The DPRK's announcement 10 days ago that it plans to blast a satellite into space next month aboard a long-range rocket - a launch that the US views as cover for nuclear missile development, grabbed the international headlines as heads of state gathered in Seoul for the two-day summit.
Obama urged the DPRK leaders to abandon their launch plan or risk jeopardizing their country's future and thwarting a recent US pledge of food aid in return for nuclear and missile test moratoriums - considered a breakthrough after years of deadlock, the Associated Press reported.
The ROK government warned that it might shoot down the rocket if it violates ROK airspace.
Both US and ROK leaders also want China to use its influence in the region to help ease tension.
According to Assistant Foreign Minister Ma Zhaoxu, Hu said in the meeting with Obama that China is concerned about the DPRK's satellite launch.
"We have urged relevant parties to remain clam and exercise restraint, and prevent an escalation of tension. This serves the common interests of all parties," Hu said.
China hopes the US and the DPRK will continue with contact and dialogue, uphold the consensus already achieved, and improve relations, Hu said.
Hu emphasized, in his meeting with Lee, that "at present, the situation on the Korean Peninsula is very complicated and sensitive. We hope we do not see a reversal of the hard-won relaxation of tension on the peninsula".
Hu urged that all parties should remain calm.
"China is ready to work with other parties and continue to make active efforts toward peace and stability on the Korean Peninsula," Hu said.
Progress was made on the Korean nuclear issue last month with Pyongyang and Washington striking a deal in which the US agreed to provide 240,000 tons of food as aid to the DPRK in exchange for Pyongyang's promise to impose a moratorium on nuclear tests and missile launches, and allow checks by international nuclear inspectors.

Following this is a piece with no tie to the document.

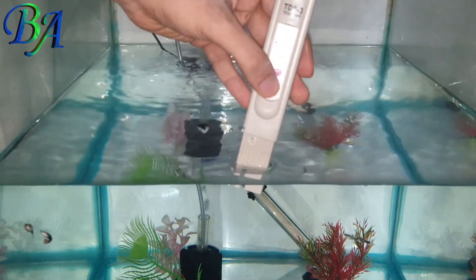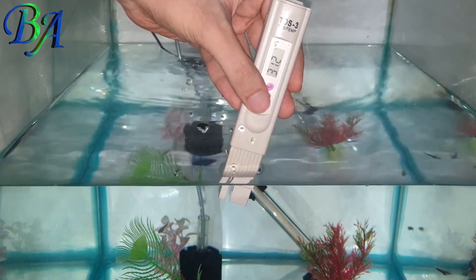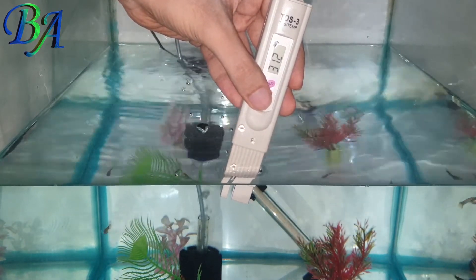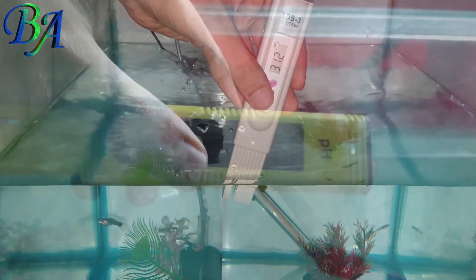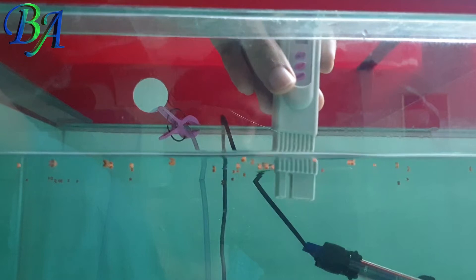Pressing the temperature button after switching the meter on will show you the temperature of the aquarium water. Now I will be checking the TDS of my discus tank in the same way.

Yet earlier this month the DPRK announced it will launch in mid-April an "Earth observation" satellite, or the Kwangmyongsong-3, using a long-range rocket to blast off from its satellite launching station in the western DPRK.
The launch is scheduled for between April 12 and 16 to mark the 100th anniversary of the birth of Kim Il-sung, the DPRK's founder and grandfather of current leader Kim Jong-un.
The ROK voiced its "serious concern" over the plan, calling it a "grave provocation threatening the peace and security" on the Korean Peninsula as well as Northeast Asia.
The DPRK insists its satellite launches are for peaceful and scientific purposes.